Showing posts with label Spot. Show all posts
Showing posts with label Spot. Show all posts

Sunday, May 27, 2007

See Spot Run






I realized today that although I had introduced everyone in our family, I left out one important family member. I think I subconsciously did it because to me he is more of a pain in the ass than a family member at this point. His name is Spot. Carson and Hayden named him, and even though that is a very unoriginal name, and every time we tell someone what his name is they kind of chuckle in a that's-the-dumbest-name-I've-ever-heard sort of way, we felt it was important for our dog to be named Spot because Carson and Hayden were so proud of the name that THEY picked out on their very own because he has spots and it fits him so perfectly. His nickname is Spotty, according to the boys. I do feel guilty about not feeling all lovey-dovey about Spot, but he is a royal pain to deal with. I would love nothing more than to have him lay by me in bed (after he's had a bath, of course) and cuddle with me while I watch TV at night after the kids have gone to bed, but it's impossible. Believe me, I've tried on several occasions. This dog does not have an OFF button, except when he is in his crate. I really feel guilty when I look in his cute puppy face with those cute puppy eyes, until he jumps up and tries to gouge my eyes out with his sharp, razor-like puppy teeth. Of course, he's just playing, but it's not the kind of play I like.

Mike and I first got a dog in 1991, right after we bought our house. I wanted a dog before that, but Mike convinced me that it wasn't practical in an apartment and I finally agreed. Three months after we bought our house he adopted Sammie from the Humane Society. Of course, since we didn't have kids yet he was like our kid. We took him everywhere. He slept in our bed sometimes (after he'd had a bath). After we were married we even had arguments over who would get to keep Sammie if we ever got divorced. Sammie died in 2003 right before Thanksgiving. It was very sad. Carson was devastated. Hayden didn't care because he was too young. Ever since Sammie died I had thought of getting another dog, but it was kind of nice not having one since it eliminated a lot of work, especially with two kids also.

Last summer we went on a family reunion and Mike's cousin and his wife and kids brought their dog, Chance, along. Our kids loved that dog and wouldn't stay away from it. We decided it might be time to get a dog for the kids. I always had pets growing up and I think it is great for kids to have a dog to play with and take care of. I have great childhood memories with my pets. Anyway, we decided to get a dog for Christmas.
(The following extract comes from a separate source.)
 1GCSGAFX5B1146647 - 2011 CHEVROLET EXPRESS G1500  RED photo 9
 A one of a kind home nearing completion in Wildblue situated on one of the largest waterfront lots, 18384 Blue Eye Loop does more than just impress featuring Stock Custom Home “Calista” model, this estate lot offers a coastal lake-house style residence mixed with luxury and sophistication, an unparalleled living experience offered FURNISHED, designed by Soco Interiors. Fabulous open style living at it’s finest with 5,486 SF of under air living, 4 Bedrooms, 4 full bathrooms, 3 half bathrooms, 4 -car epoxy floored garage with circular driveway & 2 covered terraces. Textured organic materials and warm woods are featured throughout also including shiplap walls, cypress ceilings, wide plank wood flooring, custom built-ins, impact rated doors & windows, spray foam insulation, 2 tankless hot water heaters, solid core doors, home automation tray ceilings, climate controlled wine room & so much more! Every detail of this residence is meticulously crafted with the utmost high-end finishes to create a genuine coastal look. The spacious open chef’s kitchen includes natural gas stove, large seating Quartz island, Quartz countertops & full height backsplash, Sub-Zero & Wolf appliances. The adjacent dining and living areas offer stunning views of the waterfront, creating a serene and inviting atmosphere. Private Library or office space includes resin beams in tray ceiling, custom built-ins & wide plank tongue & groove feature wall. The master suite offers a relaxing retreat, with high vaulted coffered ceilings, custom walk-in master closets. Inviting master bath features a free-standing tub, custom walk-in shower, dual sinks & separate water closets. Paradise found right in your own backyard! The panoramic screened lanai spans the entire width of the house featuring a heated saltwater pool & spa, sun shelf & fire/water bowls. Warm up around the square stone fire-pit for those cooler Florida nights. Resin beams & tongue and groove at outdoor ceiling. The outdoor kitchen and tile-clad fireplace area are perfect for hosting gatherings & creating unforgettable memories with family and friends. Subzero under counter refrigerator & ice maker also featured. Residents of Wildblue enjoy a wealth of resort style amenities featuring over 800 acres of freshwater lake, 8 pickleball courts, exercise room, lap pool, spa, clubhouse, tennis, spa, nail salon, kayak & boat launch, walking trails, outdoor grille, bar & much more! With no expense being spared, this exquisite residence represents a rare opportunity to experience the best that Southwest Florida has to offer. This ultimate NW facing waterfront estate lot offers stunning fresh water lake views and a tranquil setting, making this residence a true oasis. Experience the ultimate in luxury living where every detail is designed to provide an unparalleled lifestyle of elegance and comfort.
We wanted to get one from the Humane Society, and we couldn't work out the logistics of having Santa Claus bring a dog for the kids, so Mike and I just went and found Spot and brought him home a few weeks before Christmas as an early present. He was four months old at the time.

The kids loved him, until he started biting them with his puppy teeth. Then they were scared of him. They got used to him and he started biting less and less. We just had to explain that he wasn't biting to be mean, it's just the way he played. Since then the kids and Spot get along great. He has calmed down a lot with them, even though he is still hyper. He has just learned not to jump and bite every second of the day.
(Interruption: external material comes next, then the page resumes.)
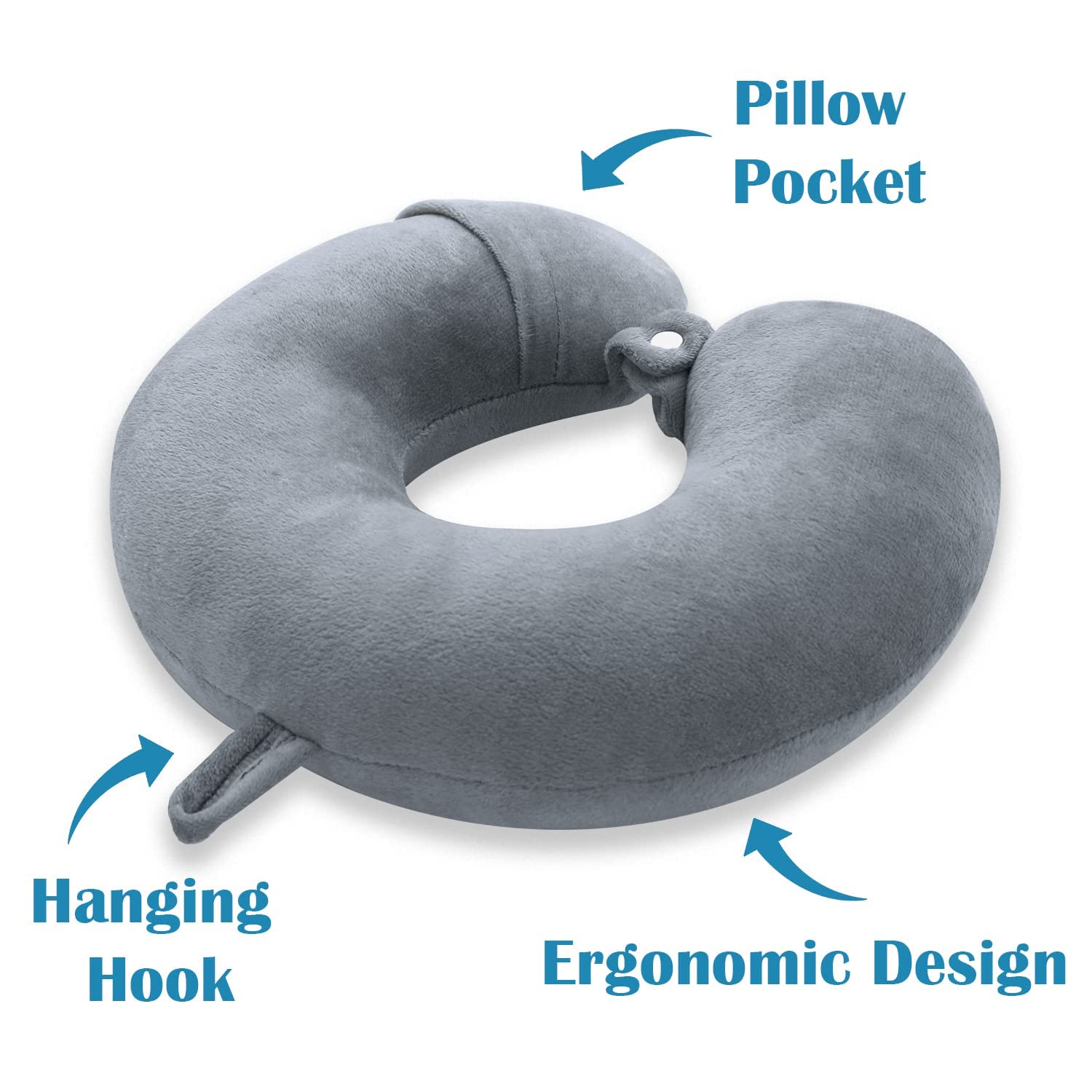 Vedartah U-Shaped Memory Foam Travel Neck Pillow - Ergonomic Support for Airplane, Car & Train Rides - Perfect for Long Flights, Road Trips & Commuting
For me getting used to him has been a little harder. For one thing, I am much more of a germ freak than I was when we had Sammie. I don't like Spot going out to go to the bathroom and then come and sit on the carpet, so he stays off the carpet mostly. Also he will go roll in the dirt and then I don't want to pet him because he is dirty. I would love to hug him and pet him and roll around with him, but a dog just seems so dirty to me. I wish there was a way to keep him sparkling clean every minute. I did see some dog wipes at the pet store that I want to get just to wipe him down every day. I was thinking about all of this today and decided I just need to suck it up and try not to be too paranoid about the germs.

Besides being dirty here is a list of other annoying things about Spot: he is a spaz, he still jumps on people, he still bites when he plays, he digs up our backyard, he chews up anything and everything he can find in our backyard, if we let him in the front yard off the leash he won't come when called, he is a total freak if we try to take him to Petco, he is a total freak when I take him to the vet, he is somewhat of a freak when he goes for walks, and I'm sure there are other things I just can't think of right now. He obviously needs obedience training, which I am looking into.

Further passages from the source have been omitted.